"They've got bags of dicks, here," Jordan Fairbanks says, eyeing various packages of seasoned, buttered corncobs as we roam Whole Foods in search of edibles that resemble turgid male genitals.
Fairbanks is the deliciously demented mind behind the semiannual music and epicurean experience called the Phallic Food Party. That's why we're here and he's dressed as a banana. Strangely, few shoppers seem to notice the big fruit and his interrogator discussing the dong-ish traits of the food they're buying to feed their families. For the better part of an hour, we browse largely undisturbed, aside from a wisecracking petite hottie and the parents who try to get their toddlers to say hello to the 6-foot-tall Chiquita-Gorgon towering over them.
It's good they didn't ask, 'cause, what would you say? "We're just lookin' for food that looks like ... uh ... uh ... Did you know a banana a day keeps the pedophiles away?" We just smile and wave.
The seed of the Phallic Food Party is fairly self-explanatory, if you think about it: Pretty much the whole world is fascinated with the penis. Heterosexual and bisexual women, gay men and even straight dudes—as much as some might protest—have an appreciation for, intimate knowledge of, and relationship with, at least one knob. Don't forget these meaty, perpetually phlegmy, cyclopean tubes fired the shot that started all of our lives. So why not throw 'em a party? Celebrating dicks is celebrating life.
But Fairbanks, drummer of local two-man noise-rock treasure Baby Gurl, just wanted to put on a good show. His buddies in the Portland speed-punk band Gaytheist were headed to Salt Lake City, and Fairbanks, a part-time promoter, was looking for a way to make the gig stand out.
"My buddy Batty, who was in Wulf Blitzer, said he liked to do themed concerts," Fairbanks says, approaching a display of fresh, unshucked corn. "I said, 'Why don't we make it penis-themed, since it's Gaytheist?'" Batty suggested serving schlong-shaped foods at the show, and such was the rise of the Phallic Food Party.
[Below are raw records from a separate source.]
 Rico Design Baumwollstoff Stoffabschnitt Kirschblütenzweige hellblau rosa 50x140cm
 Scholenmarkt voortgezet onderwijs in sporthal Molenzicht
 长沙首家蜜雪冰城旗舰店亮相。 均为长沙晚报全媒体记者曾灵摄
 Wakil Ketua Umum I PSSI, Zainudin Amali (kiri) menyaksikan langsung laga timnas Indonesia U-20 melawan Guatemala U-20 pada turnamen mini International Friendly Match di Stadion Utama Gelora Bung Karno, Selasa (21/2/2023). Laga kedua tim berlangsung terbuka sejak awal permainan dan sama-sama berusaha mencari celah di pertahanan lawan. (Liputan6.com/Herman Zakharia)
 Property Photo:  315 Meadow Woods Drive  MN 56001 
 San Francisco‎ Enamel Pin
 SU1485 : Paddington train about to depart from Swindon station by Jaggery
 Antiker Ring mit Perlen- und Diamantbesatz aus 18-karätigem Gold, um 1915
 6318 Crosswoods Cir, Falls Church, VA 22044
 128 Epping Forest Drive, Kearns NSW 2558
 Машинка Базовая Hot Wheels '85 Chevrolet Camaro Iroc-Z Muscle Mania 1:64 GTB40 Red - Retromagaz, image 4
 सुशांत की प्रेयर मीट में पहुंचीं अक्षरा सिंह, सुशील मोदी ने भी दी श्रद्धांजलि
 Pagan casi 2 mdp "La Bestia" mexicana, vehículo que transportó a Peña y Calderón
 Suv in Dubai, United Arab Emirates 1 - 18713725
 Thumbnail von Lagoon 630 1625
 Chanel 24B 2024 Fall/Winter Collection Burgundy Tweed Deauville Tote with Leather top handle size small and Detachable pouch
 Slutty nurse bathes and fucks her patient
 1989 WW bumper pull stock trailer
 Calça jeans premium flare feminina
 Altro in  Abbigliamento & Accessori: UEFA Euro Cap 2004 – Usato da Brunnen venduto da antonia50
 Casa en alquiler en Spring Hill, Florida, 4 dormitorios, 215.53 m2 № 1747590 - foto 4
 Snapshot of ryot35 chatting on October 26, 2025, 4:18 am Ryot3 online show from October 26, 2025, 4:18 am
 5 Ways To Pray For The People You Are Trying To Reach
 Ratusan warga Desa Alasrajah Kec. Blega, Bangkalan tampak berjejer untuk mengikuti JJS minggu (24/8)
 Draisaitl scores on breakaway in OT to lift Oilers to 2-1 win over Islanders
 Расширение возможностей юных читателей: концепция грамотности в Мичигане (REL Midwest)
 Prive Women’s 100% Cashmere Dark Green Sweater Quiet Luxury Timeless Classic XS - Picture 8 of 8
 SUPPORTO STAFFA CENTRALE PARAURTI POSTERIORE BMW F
Fairbanks says people were already excited about Gaytheist's return to SLC, but the Phallic Food Party "upped the ante." When the Facebook event page launched, their newsfeed came alive with fans posting pictures of celebrities eating phallic foods. On the night of the event, partygoers—metalheads, drag queens, curious types—showed up carrying eggplants and squash. Fairbanks served hot dogs and bananas. "You make a dick joke, and people pay attention," he says. "People thought it was hilarious."
It was such a success that Fairbanks held PFP II in November. "It just kind of happened," he says. The phallic food theme was slightly upstaged by the headlining act, a reunion of storied "sexgrab" foursome Heathen Ass Worship. The phall-acious content was there, however, with opening acts SCROmance and Zombiecock—and the first appearance of Fairban-ana. "I was trying to get more people to come in costume," he says.
For PFP III, Fairbanks plans to bring back the food. That's not necessarily why we're at the grocery store. Like the show, this is just fun. In the meat department, Fairbanks stops to assess the various sausages, assigning them ages based on their appearance. He says the Thai curry chicken link is the most aesthetically pleasing, like the tool of a 25-year-old. "The others look like grandpa dicks ... but I'm sure they're delicious."
We discover and fondle more phalluses in the marketplace wonderland: a sad, bumpy gherkin; a firm, crusty baguette; kitty-terrifying cucumbers; a freakish butternut squash. And, of course, all types of bananas—fragrant and overripe minis, bright yellow bunches and even frozen chocolate-covered treats. "This interview is brought to you by Diana's Banana Babies," Fairbanks deadpans, reading from the box. "'The world's best chocolate-dipped frozen treat. Real banana! Healthy! Zero trans fat.' These monkeys are in diapers."
Costumes are encouraged at PFP III and, of course, there's music. Gaytheist, who were quite pleased with the concept, returns to headline over Baby Gurl and beer metal quartet Breaux. Expect more hot dogs because, Fairbanks says, the 70 he brought for the first party were quickly gobbled up. Is juggling that much meat complicated, considering dogs and buns come in conflicting quantities? He says that misses the PFP's one-eyed point entirely: "I'm more worried about the dogs than the buns."